*** Block opens ***

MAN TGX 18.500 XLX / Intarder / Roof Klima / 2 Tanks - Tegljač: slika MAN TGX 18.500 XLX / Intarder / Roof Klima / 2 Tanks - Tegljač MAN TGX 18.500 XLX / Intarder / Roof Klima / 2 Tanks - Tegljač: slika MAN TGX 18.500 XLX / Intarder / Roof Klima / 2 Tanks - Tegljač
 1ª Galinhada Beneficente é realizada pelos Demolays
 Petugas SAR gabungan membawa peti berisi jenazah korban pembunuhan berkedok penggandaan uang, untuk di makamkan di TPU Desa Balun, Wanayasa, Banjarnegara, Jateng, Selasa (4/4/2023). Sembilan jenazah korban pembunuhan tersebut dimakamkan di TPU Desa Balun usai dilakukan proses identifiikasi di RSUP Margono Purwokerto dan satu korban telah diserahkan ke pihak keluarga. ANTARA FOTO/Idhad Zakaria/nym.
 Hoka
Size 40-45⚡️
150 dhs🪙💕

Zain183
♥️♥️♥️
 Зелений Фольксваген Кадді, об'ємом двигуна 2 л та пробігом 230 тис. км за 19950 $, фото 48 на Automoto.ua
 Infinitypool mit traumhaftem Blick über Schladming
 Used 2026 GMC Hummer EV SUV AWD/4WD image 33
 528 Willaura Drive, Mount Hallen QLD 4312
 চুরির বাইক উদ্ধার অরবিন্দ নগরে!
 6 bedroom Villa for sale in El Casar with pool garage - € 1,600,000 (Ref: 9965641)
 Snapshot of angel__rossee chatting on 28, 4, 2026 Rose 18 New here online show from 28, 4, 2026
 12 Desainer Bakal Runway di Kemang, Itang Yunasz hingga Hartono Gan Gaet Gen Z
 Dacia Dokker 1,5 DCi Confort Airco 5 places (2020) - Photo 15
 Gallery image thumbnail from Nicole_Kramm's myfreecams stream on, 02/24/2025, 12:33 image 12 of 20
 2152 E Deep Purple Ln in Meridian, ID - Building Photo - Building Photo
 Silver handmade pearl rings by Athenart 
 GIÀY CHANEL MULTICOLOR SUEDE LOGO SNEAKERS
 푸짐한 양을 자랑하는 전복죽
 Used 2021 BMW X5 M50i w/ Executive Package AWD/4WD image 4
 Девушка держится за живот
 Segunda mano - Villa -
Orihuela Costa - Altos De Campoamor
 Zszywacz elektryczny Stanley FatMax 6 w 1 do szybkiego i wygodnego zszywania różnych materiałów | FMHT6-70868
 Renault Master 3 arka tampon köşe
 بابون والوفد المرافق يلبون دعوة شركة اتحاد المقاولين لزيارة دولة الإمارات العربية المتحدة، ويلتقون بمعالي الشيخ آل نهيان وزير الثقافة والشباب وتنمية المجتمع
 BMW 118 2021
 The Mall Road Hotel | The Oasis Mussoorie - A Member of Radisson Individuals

*** Block closes ***

What is being asked:
Produce verbatim the lines starting at the one with "BMW 118 2021" and ending at the last line of the material, both ends included. Add no other line.

Written reply:
 BMW 118 2021
 The Mall Road Hotel | The Oasis Mussoorie - A Member of Radisson Individuals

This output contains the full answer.